Decent uptick yesterday, highest since June last year. I know there’s no correlation to commercials but good to see. Topped 300m for the month too for first time in over a year.
Wow 1GW, good luck with your 12.36 post. I think you forget Stt won't like a company forecast for 400% growth in FY19 and with free cash flow of 40-50m whether it has either 75m or 27min the bank. He's looking for another company with say 11m of cash, marginal profitability, at an earlier stage in its transformation than R1 and preferably in a heavily political public arena, one which would have to do a placing of shares as no bank in their right mind would lend to it. That would be far safer than R1.
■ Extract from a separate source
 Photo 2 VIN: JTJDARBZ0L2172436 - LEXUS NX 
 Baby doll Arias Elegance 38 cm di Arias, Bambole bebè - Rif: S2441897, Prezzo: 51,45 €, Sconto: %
I would think it’s there as a working capital buffer. I suspect like all businesses the cash position will be at its best at end of half and year end. As has already been said most proper businesses would have the same in place. I also don’t know if any bank that lends money to anyone without having first claim on assets, way ahead of other creditors or shareholders. I think it shows a lot of confidence by the bank in R1’s future.
Thanks 1GW. I've tweaked the margin and op ex to 44% and 83m respectively, also reduced the exceptionals by 1m in H1. Doesn't do much to the EBITDA number but the change in exceptionals would be enough to move in to a positive PBT! I await your feedback on cash position which is the sensitive area!
Thanks for the positive comments guys, just trying to raise the standard of discussion. Time of course will tell but I do also think hitting close to those numbers must rerate the shares.
Thanks 1GW, would appreciate your views on this. The areas where I could be way out (apart from revenues!) are the assumptions on working capital, increase in dept and amortisation following Rad1 and Yume and operating expenses. I'm not an accountant and have never worked in the city so it's really just my commercial read of the trends applied to previous results that guide my view. I also ignored any broker notes/forecasts as I don't know what assumptions they are making in their analysis. If you end up thinking it's rubbish then let me down gently!
That leaves the nasty cash bridge which R1 always leave to last, again very difficult to judge what are reasonable assumptions here.
H1 Cash bridge - Opening cash 27.3M
- Adj EBITDA 21.7M
- Share issuance 0 (was a positive in H1 FY18 but don't see that they gained cash from share issunace)
- Acquisition 0 (assumed no cash costs as no acquisitions made)
- Working capital -20M (was -11.2M in H1 FY18 so assumed with greater revenues working capital will flow out in similar proportion)
- Exceptional payments -5M (cash cost of exiting people)
- Cap Ex -5M (about double H1 FY18 in line with greater scale of business - and GDPR!)
Closing cash 19M
If this is anywhere near it would explain why a buy back in H1 was not felt sensible. Until having a go at the bridge I'd assumed we'd be increasing cash in H1 not seeing more flow out.
H2 Cash bridge
- Adj EBITDA 26.9M
- Share issuance 0 (same as H1)
- Acquisition 0 (assumed no cash costs as no acquisitions made)
- Working capital 27M (big health warning here. In last year's year end cash bridge they had working capital at +4.6M after being -11.2M at H1. They seemed to bridge from the year start of 75.2M cash not the H1 close position. So that would be a flow back of 15M so I've uplifted by the same ratio as other areas to increase 15M to 27M. If working capital only came back by 4.6M in H2 FY18 then this year it might be 10M)
- Exceptional payments -2M (cash cost of exiting people)
- Cap Ex -5M (same as H1 and shape of FY18)
Closing cash 66M (or 49M if other working capital assumption used)
Either way, a huge bounce back in cash and why they positioned any buy back in to the second half.
There are some very knowledgable posters on here so very happy for people to put up alternative assumptions or rationale. This is just my view and hopefully not too rose tinted.